Microbial fuel cell (MFC) is currently considered a promising technology for wastewater treatment. This study aims to evaluate the feasibility of a double-chamber MFC in terms of: (i) operating mode (batch mode, self-circulation mode, single-continuous mode) of anolyte on the nutrient accumulation in the catholyte, (ii) aeration conditions (anode effluent with aeration supplied in catholyte; anode effluent without aeration supplied in catholyte; cathode effluent with aeration supplied in catholyte and cathode effluent without aeration supplied in catholyte) on the nutrient recovery and (iii) types of separators (cation exchange membrane (CEM), forward osmosis (FO), and nonwoven (NW)) to remove nutrients toward their recovery from municipal wastewater.
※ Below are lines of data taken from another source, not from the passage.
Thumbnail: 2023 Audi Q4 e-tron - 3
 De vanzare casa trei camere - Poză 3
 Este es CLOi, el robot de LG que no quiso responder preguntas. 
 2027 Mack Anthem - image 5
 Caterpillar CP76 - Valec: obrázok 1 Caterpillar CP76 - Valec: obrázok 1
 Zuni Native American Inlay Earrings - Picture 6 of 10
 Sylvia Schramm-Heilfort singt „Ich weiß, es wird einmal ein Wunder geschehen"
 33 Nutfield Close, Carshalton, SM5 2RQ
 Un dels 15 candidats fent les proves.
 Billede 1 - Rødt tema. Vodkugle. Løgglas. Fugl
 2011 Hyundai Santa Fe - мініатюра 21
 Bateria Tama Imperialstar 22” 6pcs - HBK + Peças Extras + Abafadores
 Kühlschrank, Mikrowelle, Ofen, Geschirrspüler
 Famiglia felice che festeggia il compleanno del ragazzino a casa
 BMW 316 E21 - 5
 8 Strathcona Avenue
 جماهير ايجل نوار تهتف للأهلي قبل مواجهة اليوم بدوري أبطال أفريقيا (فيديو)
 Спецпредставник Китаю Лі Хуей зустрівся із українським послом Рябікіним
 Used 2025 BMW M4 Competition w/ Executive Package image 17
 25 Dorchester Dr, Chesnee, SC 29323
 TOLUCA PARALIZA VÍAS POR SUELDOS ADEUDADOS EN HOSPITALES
Results showed that there was no negligible increase in the phosphate concentration of the catholyte at the three different modes but accumulation of ammonium. At different aeration conditions, nutrients can be recovered by chemical precipitation at high pH generated by the MFC itself. Basically, phosphate was removed by microbial absorption and recovered by chemical precipitation while ammonium was accumulated by current generation and recovered as precipitates. It was found that double-chamber MFC with the CEM as the separator reported the best nutrients removal with >97.58% of NH4+-N and >94.9% of PO43−-P removed/recovered, followed by the MFC with the nonwoven and FO membrane, respectively. Thus, the double-chamber MFC is feasible for recovering nutrients in a comprehensive bioelectrochemical system.